Lastly, a reflection on diversity. There comes a point where we all have to look at our own role in it all. Quite simply, Workplace in the broadest sense has a significant diversity problem. The industry occasionally talks about it, but only in the context of design. As has been the case of late, when prefixed by ‘neuro’, important a consideration as it is alongside the many other areas of diversity when design is undertaken, but one comparatively easily solved.
Yet the industry’s narrative — in conferences, media and social channels — is almost entirely dominated by a cohort of middle-aged white men. Including myself, I admit. I may post, comment and talk less than I once did, so can’t claim as much influence as I perhaps once might have, I’m still very much part of the cohort. The brotherhood often even has its members openly calling one another ‘brother’ to reinforce the point. Check out any workplace conference or LinkedIn thread on the subject for living, breathing and oft-bearded evidence.

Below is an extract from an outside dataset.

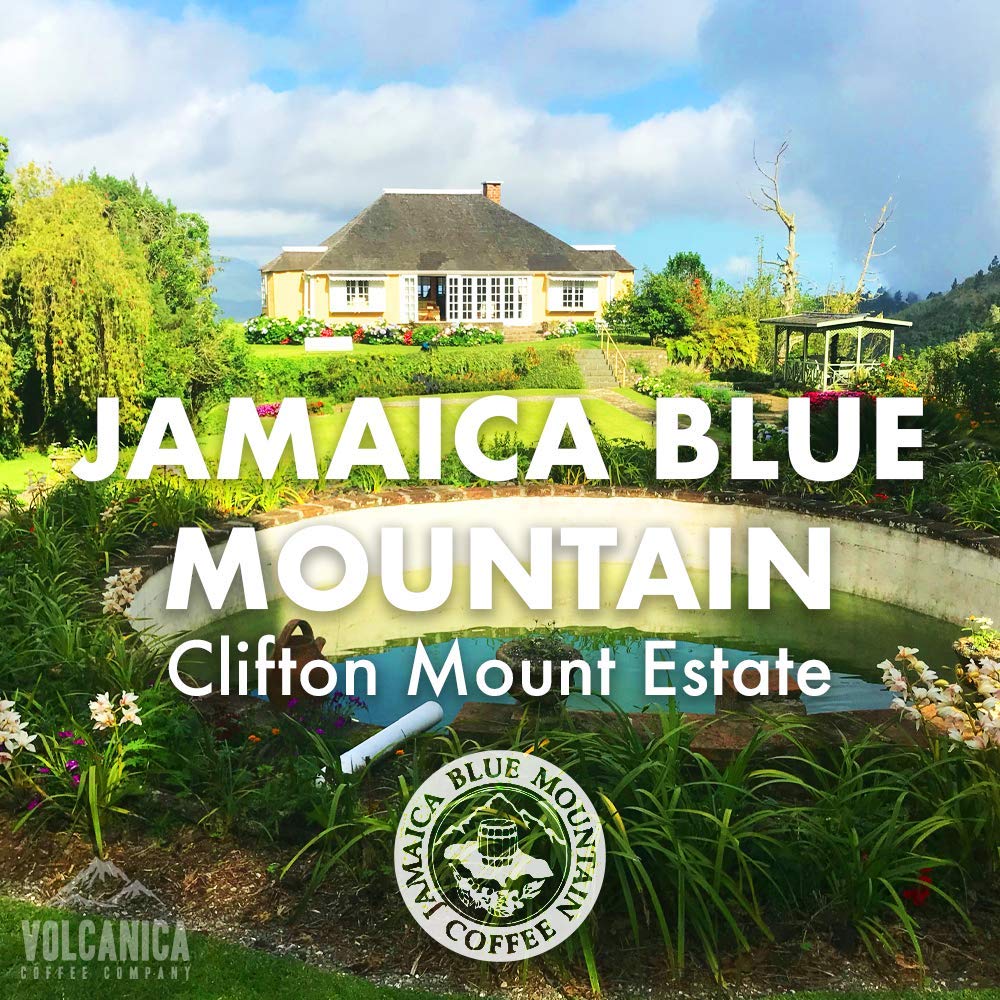 Jamaica Blue Mountain Clifton Mount Whole Bean Coffee, 5 lb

Many of the cohort have a valid contribution to make, but the industry simply has to do more to identify, recognise and give diverse talent its platform, allowing and encouraging it to find its voice. Not just when the subject of diversity is there to be addressed, but as thinkers and practitioners in the industry in all its guises. Which means us middle-aged white men have to be far more aware of what we sign up to, how we sound and appear, and be far more prepared to step aside.

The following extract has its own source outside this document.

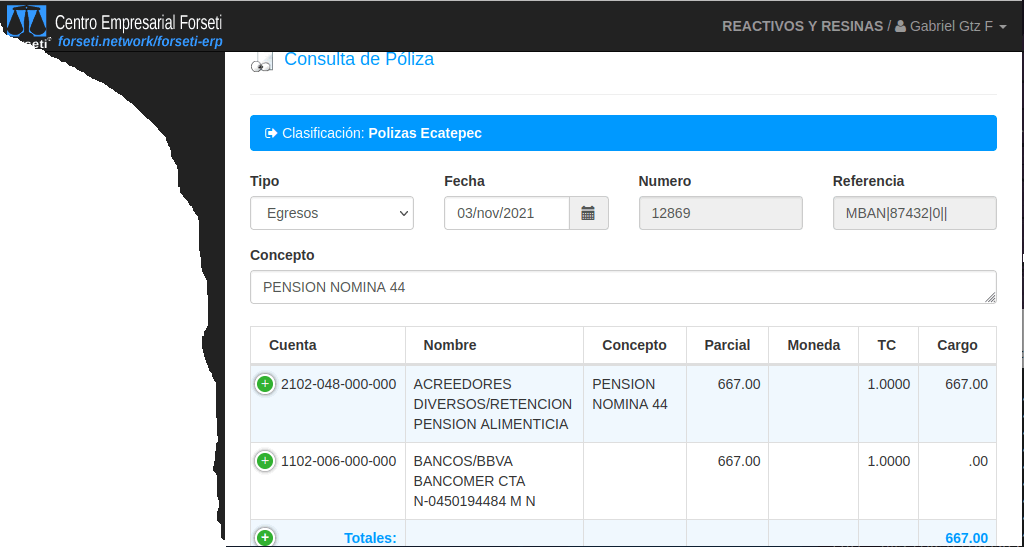 Cuerpo principal del CEF conteniendo vista del proceso de consulta de una póliza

To this end, the pop-up conference-within-a-conference ‘Workstock’ is being re-born in 2023 for just this purpose, to give such a voice. Its last incarnation was in 2015, when diversity was barely a mentioned thing and the roster was incredibly talented, keen and yet predominantly male and white. It’ll be a small contribution, but a contribution nonetheless.
All of which adds up to a huge amount still to do. I used to conclude similar in previous years, but somehow as this year slips out of the stage door, it’s at its most pronounced. Yet there’s plenty of cause for optimism. Inauspicious it may have been, but perhaps it needed to be, so we could gather our thoughts. We potentially have quite a year ahead. But not before a desperately needed rest.